Write out the following listing's lines from the one with "Jensen CD-560 Portable" to the one with "Northfield Garden View: Luxury", exactly, with both included and no others.

▶ MATERIAL TO PROCESS:

━━━

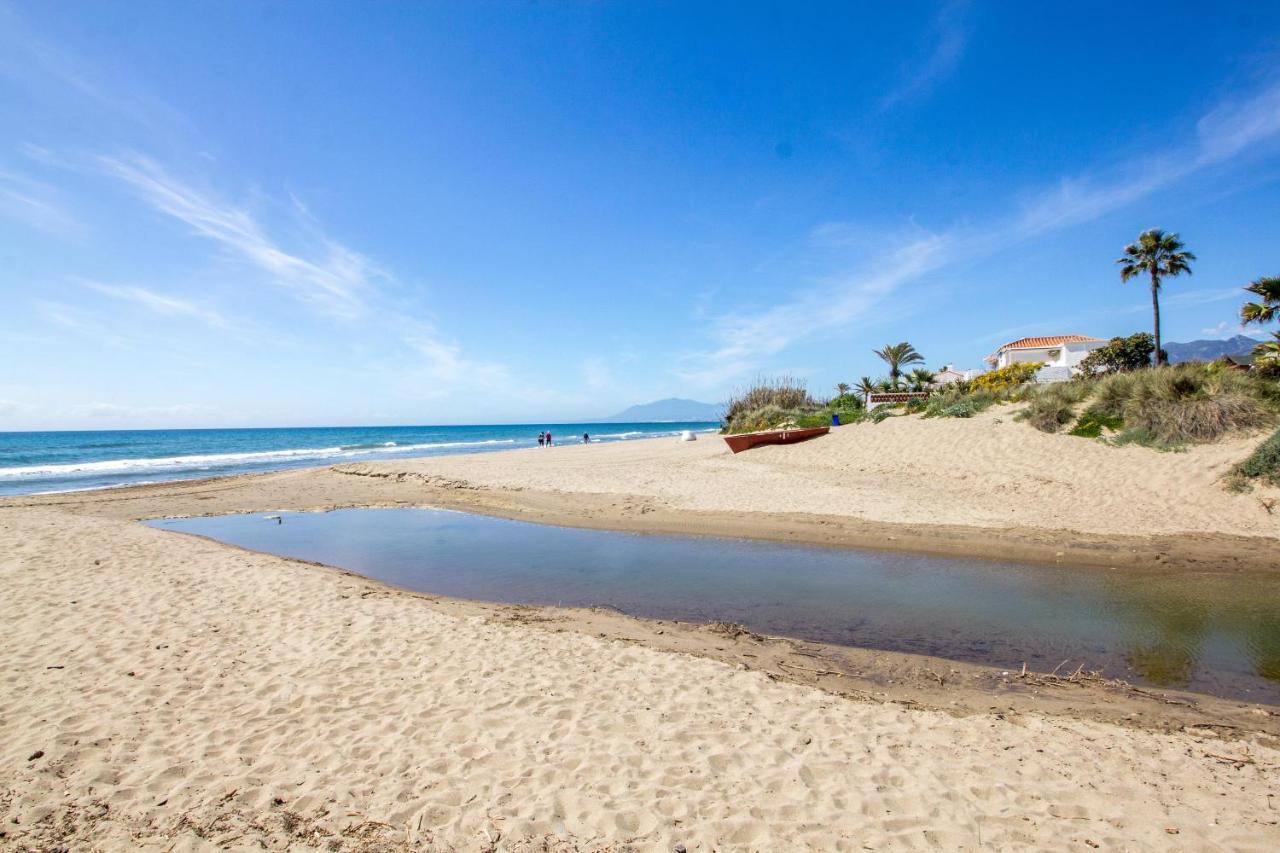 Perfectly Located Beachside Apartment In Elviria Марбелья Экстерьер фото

━━━

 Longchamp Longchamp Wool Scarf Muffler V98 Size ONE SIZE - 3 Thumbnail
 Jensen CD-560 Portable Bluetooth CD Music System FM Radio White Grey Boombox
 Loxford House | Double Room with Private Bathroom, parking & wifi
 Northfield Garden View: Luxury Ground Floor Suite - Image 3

━━━

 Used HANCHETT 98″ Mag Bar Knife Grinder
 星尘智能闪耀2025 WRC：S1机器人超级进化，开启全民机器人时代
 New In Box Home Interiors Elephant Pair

━━━

▶ EXERCISE SOLUTION:
 Jensen CD-560 Portable Bluetooth CD Music System FM Radio White Grey Boombox
 Loxford House | Double Room with Private Bathroom, parking & wifi
 Northfield Garden View: Luxury Ground Floor Suite - Image 3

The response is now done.